Music mogul and rapper Jay-Z is adding a new industry to his ever expanding billion dollar portfolio — cannabis.
Jay-Z, 49, is now in partnership with Caliva, a high (no pun intended) end cannabis company based in California, High Times is reporting. He will take over as chief brand strategist, shaping the company’s face with customers and the industry.
Caliva has been around for four years and includes 14 cannabis licenses. It’s considered one of California’s largest producers of cannabis and related products processing 11,000 pounds of the plant each year.
“Jay is one of the most successful businessmen of our time, and one of the largest brands in entertainment himself,” said Kraig Fox, High Times CEO and president. “As we’ve said before, 2019 is the year of the brand for cannabis. Jay-Z entering the space is clear evidence of that.”

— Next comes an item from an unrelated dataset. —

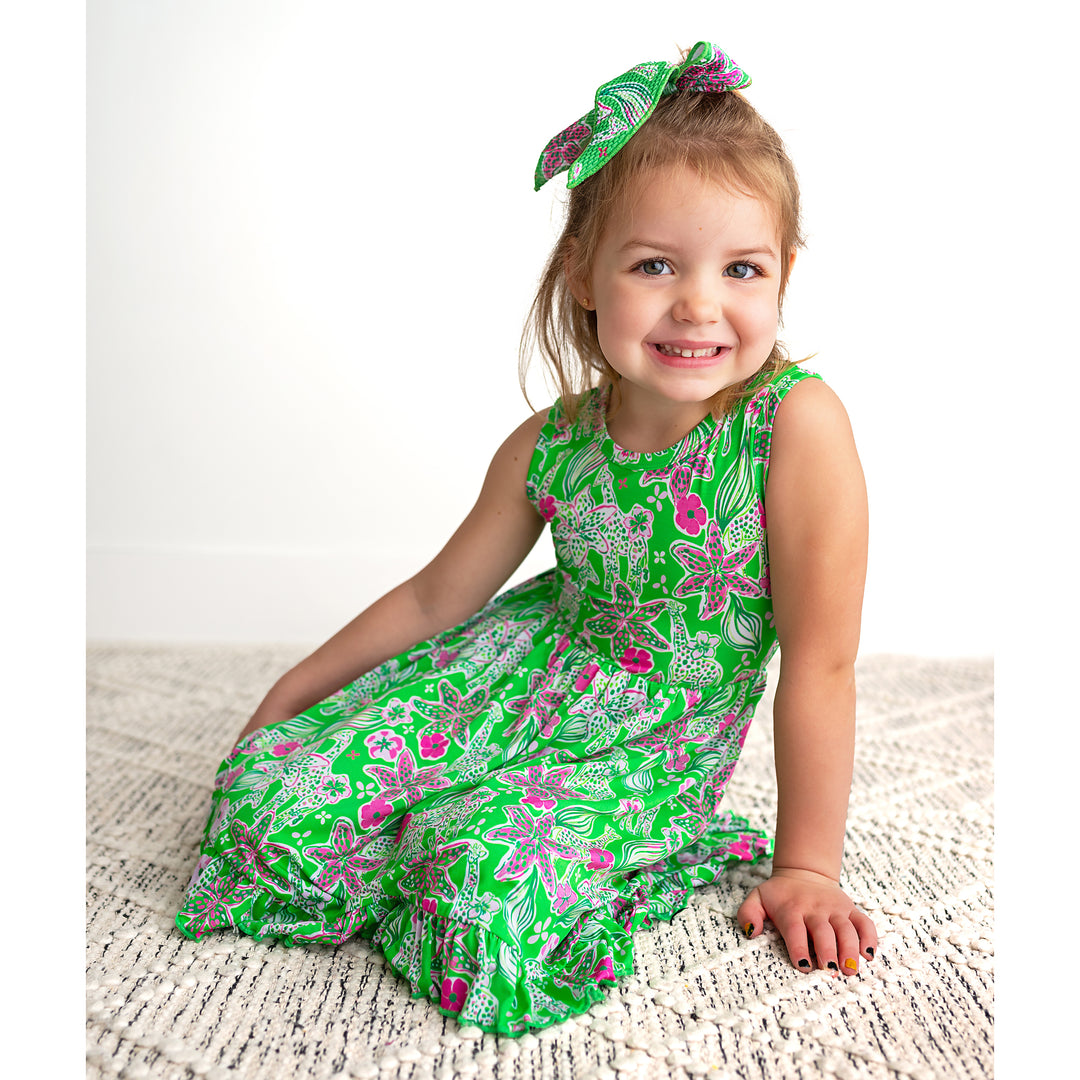 Safari TANK RUFFLE TWIRL DRESS - Gigi and Max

The Brooklyn rapper, who has admitted to selling drugs illegally in his past, is now a purveyor of all things cool and successful. His association with Caliva not only brings an A-list celebrity presence to the green industry, but also lends a sense of legitimacy and indicates where things are headed.
Jay-Z intends for his role to go beyond marketing and social media. Social justice will be a large part as well where he plans to work on correcting inequities involving the “War on Drugs” and the criminal justice system. He will also focus on hiring formerly incarcerated people to work with Caliva.
“Anything I do, I want to do correctly and at the highest level,” the rapper told High Times. “With all the potential in the cannabis industry, Caliva’s expertise and ethos make them the best partners for this endeavor. We want to create something amazing, have fun in the process, do good and bring people along the way.”
Fox believes Jay-Z’s role at Caliva will have worldwide significance in changing the public’s overall perception of cannabis.
“Jay’s focus on developing opportunities for those hurt by the prohibition of cannabis is not only smart for the business bottom line, but crucial to dismantling the decades of consequence bestowed on the segments of the population who were disproportionately impacted by the War on Drugs,” Fox said.